Provided material Block Start
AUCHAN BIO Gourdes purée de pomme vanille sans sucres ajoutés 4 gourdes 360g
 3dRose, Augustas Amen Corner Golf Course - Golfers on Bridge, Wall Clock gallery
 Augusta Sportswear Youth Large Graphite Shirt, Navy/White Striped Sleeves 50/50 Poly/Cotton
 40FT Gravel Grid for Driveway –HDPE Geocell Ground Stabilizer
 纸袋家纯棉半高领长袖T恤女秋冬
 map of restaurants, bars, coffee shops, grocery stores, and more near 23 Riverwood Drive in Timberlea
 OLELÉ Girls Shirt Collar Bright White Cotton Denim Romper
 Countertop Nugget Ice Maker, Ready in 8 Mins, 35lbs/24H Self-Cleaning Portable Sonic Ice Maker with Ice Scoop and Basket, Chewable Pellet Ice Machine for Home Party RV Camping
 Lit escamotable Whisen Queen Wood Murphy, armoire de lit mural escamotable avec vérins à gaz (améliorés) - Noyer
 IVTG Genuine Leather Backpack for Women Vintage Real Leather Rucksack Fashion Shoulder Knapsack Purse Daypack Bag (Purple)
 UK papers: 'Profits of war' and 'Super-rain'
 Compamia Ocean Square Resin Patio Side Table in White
Provided material Block End
Transcribe, exactly and completely, all of the entries.

AUCHAN BIO Gourdes purée de pomme vanille sans sucres ajoutés 4 gourdes 360g
 3dRose, Augustas Amen Corner Golf Course - Golfers on Bridge, Wall Clock gallery
 Augusta Sportswear Youth Large Graphite Shirt, Navy/White Striped Sleeves 50/50 Poly/Cotton
 40FT Gravel Grid for Driveway –HDPE Geocell Ground Stabilizer
 纸袋家纯棉半高领长袖T恤女秋冬
 map of restaurants, bars, coffee shops, grocery stores, and more near 23 Riverwood Drive in Timberlea
 OLELÉ Girls Shirt Collar Bright White Cotton Denim Romper
 Countertop Nugget Ice Maker, Ready in 8 Mins, 35lbs/24H Self-Cleaning Portable Sonic Ice Maker with Ice Scoop and Basket, Chewable Pellet Ice Machine for Home Party RV Camping
 Lit escamotable Whisen Queen Wood Murphy, armoire de lit mural escamotable avec vérins à gaz (améliorés) - Noyer
 IVTG Genuine Leather Backpack for Women Vintage Real Leather Rucksack Fashion Shoulder Knapsack Purse Daypack Bag (Purple)
 UK papers: 'Profits of war' and 'Super-rain'
 Compamia Ocean Square Resin Patio Side Table in White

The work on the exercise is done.